**Exercise details:**
Copy each line of the data that has "Chapter" in it.

*** Supplied material Section Begins ***

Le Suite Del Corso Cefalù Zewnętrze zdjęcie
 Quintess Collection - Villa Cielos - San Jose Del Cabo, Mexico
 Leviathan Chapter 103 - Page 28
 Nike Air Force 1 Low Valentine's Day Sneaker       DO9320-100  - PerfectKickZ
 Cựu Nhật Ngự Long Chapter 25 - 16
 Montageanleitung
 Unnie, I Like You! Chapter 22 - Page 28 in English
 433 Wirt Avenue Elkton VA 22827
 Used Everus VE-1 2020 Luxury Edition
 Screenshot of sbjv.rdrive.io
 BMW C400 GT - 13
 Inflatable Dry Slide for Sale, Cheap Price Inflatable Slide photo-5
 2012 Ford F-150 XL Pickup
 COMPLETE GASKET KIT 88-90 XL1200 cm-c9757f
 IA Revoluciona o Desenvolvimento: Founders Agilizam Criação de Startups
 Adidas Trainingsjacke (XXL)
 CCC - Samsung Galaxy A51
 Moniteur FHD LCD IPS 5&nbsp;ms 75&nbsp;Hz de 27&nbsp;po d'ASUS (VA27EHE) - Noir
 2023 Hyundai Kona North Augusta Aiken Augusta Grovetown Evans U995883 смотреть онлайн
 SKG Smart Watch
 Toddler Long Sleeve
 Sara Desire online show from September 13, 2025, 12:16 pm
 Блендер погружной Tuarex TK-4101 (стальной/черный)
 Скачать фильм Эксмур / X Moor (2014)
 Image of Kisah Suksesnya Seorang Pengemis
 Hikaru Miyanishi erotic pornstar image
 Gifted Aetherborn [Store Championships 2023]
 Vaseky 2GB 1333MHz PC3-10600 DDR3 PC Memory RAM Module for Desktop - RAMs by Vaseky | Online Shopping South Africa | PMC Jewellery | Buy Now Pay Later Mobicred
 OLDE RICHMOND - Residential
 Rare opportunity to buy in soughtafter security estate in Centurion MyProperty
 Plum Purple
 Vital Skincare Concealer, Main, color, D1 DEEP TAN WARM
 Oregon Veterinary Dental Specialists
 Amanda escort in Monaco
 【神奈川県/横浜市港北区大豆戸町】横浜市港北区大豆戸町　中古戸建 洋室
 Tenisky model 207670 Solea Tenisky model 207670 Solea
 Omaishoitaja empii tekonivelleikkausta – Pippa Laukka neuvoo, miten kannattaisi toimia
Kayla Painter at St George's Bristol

*** Supplied material Section Ends ***

**Task result:**
 Leviathan Chapter 103 - Page 28
 Cựu Nhật Ngự Long Chapter 25 - 16
 Unnie, I Like You! Chapter 22 - Page 28 in English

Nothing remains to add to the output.